旧刑訴法第四〇四条にいわゆる正当の事由のない事例
旧刑訴法404条,旧刑訴法410条8号
判旨
被告人が「潜伏性第二期梅毒」等の診断書を提出して期日変更を申請しても、具体的かつ特段の出廷不能事由を具申せず同様の申請を繰り返す場合は、「正当な理由がない」不出頭に当たり、被告人欠席のまま審理・判決を行うことができる。
問題の所在(論点)
被告人が医師の診断書を提出して病気による期日変更を申請している場合において、具体的な出廷不能事由を疎明しないまま欠席したことをもって「正当な理由がない」不出頭(旧刑訴法404条、現行法394条・286条等参照)と認め、被告人抜きで審理・判決をすることが許されるか。
規範
公判期日への出頭義務に関し、被告人が病気を理由に期日変更を申請したとしても、単に抽象的な病名や療養期間を記した診断書を提出するのみで、期日に出廷することが不可能である具体的・特段の事情を具体的に具申しない場合には、正当な理由のない不出頭と判断して差し支えない。
重要事実
被告人は控訴審の第一回公判期日に、第二期梅毒で安静を要する旨の診断書を添えて期日変更を申請し欠席した。続く第二回期日にも、適法な送達を受けながら、期日の直前に「潜伏性第二期梅毒、2ヶ月の休養を要する」旨の診断書を提出し、前回と同様に期日変更を申請して欠席した。しかし、被告人は一審の保釈中には各公判期日に出頭しており、今回の申請においても具体的な歩行困難等の事情は事後的に弁護人が主張するに留まっていた。
あてはめ
被告人は適法な召喚を受けながら、期日の直前に至って単に従前と同様の診断書を添付し、期日変更申請を繰り返したに過ぎない。

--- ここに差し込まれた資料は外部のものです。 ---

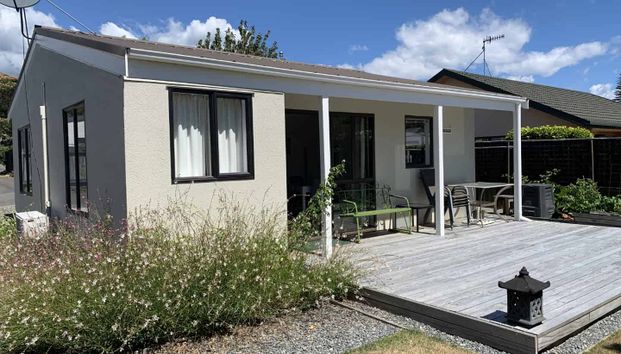 Spacious cottage in handy yet quiet spot close to town - Photo 1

出廷不能である特段の具体的事由を予め具申しておらず、一審での出頭状況等の前後の事情を併せれば、裁判所が期日変更申請を却下し、被告人が正当な理由なく出頭しないものと認めたことは相当である。したがって、被告人不出頭のまま審理を遂げ判決を言い渡した手続に違法はない。
結論
被告人の不出頭に正当な理由がないと認めた原審の判断は相当であり、被告人抜きで行われた審理および判決に訴訟手続上の法令違反は存在しない。
実務上の射程
被告人が病気を口実に公判を遅延させる意図がある場合、裁判所は診断書の形式的な提出に拘束されず、具体的な支障の有無や訴訟経過から出頭の可否を実質的に判断できることを示す。実務上、診断書の信用性や内容の具体性を厳格に吟味する際の論拠となる。
事件番号: 昭和26(れ)1672 / 裁判年月日: 昭和26年11月30日 / 結論: 棄却
被告人が昭和二六年二月一二日の原審第一回公判期日及び同年三月九日の第二回公判期日に適法な召喚手続を受けるながら、右各公判期日前にいずれも刑訴規則第一八三条の方式に適合しない医師某作成の病名胃潰瘍一日休養を要する旨の診断書を提出したのみで、他に不出頭の事由を疏明する資料を提出せず、右各期日を懈怠した場合は、旧刑訴第四〇四…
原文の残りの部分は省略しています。